US8080724B2 - Method and system for separating musical sound source without using sound source database

Info

Publication number: US8080724B2
Application number: US12/748,831
Authority: US
Inventors: Min Je Kim; Seung Kwon Beack; Kyeongok Kang; Dae Young Jang; Tae Jin Lee; Inseon JANG; Jin Woo Hong
Original assignee: Electronics and Telecommunications Research Institute ETRI
Current assignee: Electronics and Telecommunications Research Institute ETRI
Priority date: 2009-09-14
Filing date: 2010-03-29
Publication date: 2011-12-20
Also published as: US20110061516A1

Abstract

Provided are an apparatus and method of separating, from a mixed signal, a sound source generated using a rhythm musical instrument based on characteristics of the rhythm musical instrument repeated in an aspect of time.
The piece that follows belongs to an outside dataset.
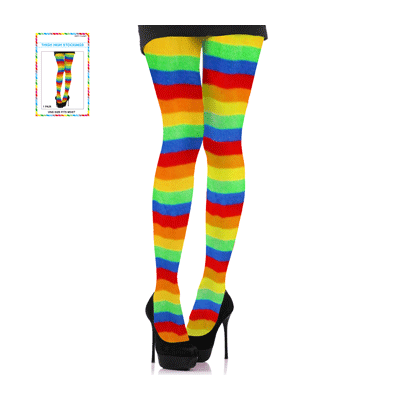 Rainbow Thigh High Stockings / Tights (1 Pair)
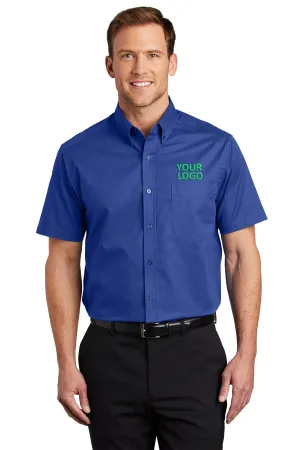 Port Authority Short Sleeve Easy Care Custom Shirts, Royal/Classic Navy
The apparatus may include a separation unit to separate a plurality of mixed signals into a plurality of segments, a Nonnegative Matrix Partial Co-Factorization (NMPCF) analysis unit to perform an NMPCF analysis on the plurality of segments, and to obtain a plurality of entity matrices based on the analysis result, a target instrument signal separating unit to separate, from the mixed signals, a target instrument signal, by calculating an inner product between the plurality of entity matrices, and a signal association unit to associate the target instrument signals separated from each of the plurality of segments.

Description

CROSS-REFERENCE TO RELATED APPLICATIONS

This application claims the benefit of Korean Patent Application No. 10-2009-0086499, filed on Sep. 14, 2009, and No. 10-2009-0122218, filed on Dec. 10, 2009, in the Korean Intellectual Property Office, the disclosures of which are incorporated herein by reference.

BACKGROUND

1. Field of the Invention

Embodiments of the present invention relate to a method of separating a musical sound source, and more particularly, to an apparatus and method of separating, from a mixed signal, a sound source generated using a rhythm musical instrument based on characteristics of the rhythm musical instrument repeated in an aspect of time when sound source information generated only using the rhythm musical instrument is present.

2. Description of the Related Art

Along with developments in technologies, a method of separating only a sound generated using a rhythm musical instrument from an ensemble where various musical instruments are performing has been developed.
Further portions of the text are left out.